For $$z \geq 0$$, the Abramowitz-Stegun rational approximation uses the substitution $$t = \frac{1}{1 + 0.2316419 \cdot z}$$ and computes:

$$\Phi(z) \approx 1 - \phi(z) \cdot t(a_1 + t(a_2 + t(a_3 + t(a_4 + t \cdot a_5))))$$

where $$\phi(z) = \frac{1}{\sqrt{2\pi}} e^{-z^2/2}$$ is the PDF and the coefficients are $$a_1 = 0.3194$$, $$a_2 = -0.3566$$, $$a_3 = 1.7815$$, $$a_4 = -1.8213$$, $$a_5 = 1.3303$$.

For $$z < 0$$, we use symmetry: $$\Phi(z) = 1 - \Phi(-z)$$.

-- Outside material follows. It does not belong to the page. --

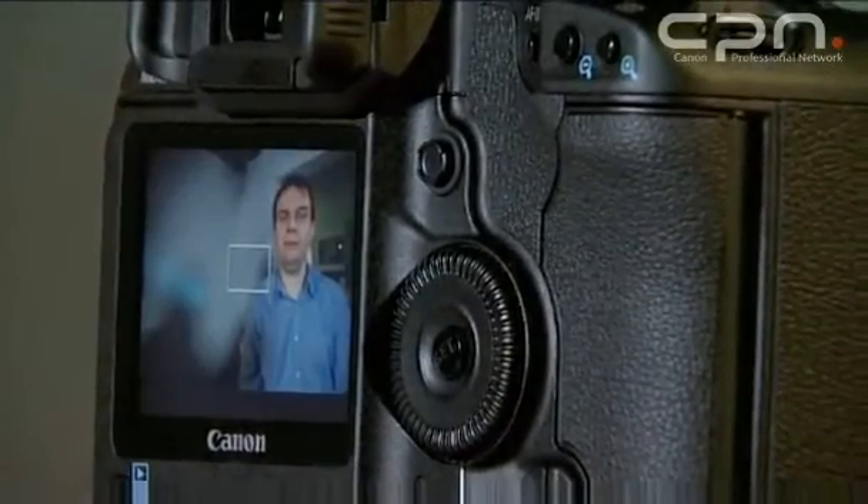When you look at this LCD you can actually zoom in up to 10 times to give you a precise gauge of what's in focus. When you use the live view mode you need to use manual focus.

Step 3 — Derive other probabilities:

$$P(X > x) = 1 - \Phi(z)$$

The PDF gives the height of the density curve at the point $$x$$:

$$f(x) = \frac{1}{\sigma\sqrt{2\pi}} e^{-\frac{1}{2}\left(\frac{x-\mu}{\sigma}\right)^2}$$

This approximation achieves absolute error less than $$7.5 \times 10^{-8}$$, which is more than sufficient for practical applications.

The z-score tells you how many standard deviations your value lies from the mean. A z-score of 0 means the value equals the mean; positive z-scores indicate values above the mean.

The CDF (P(X ≤ x)) gives the probability that a randomly drawn observation falls at or below your value. For instance, a CDF of 0.975 means 97.5% of the distribution lies below that point.

The PDF is the probability density — it represents the relative likelihood of a value occurring at that exact point. It is highest at the mean and decreases symmetrically.

The upper-tail probability P(X > x) is the complement of the CDF and is widely used in hypothesis testing (one-tailed p-values).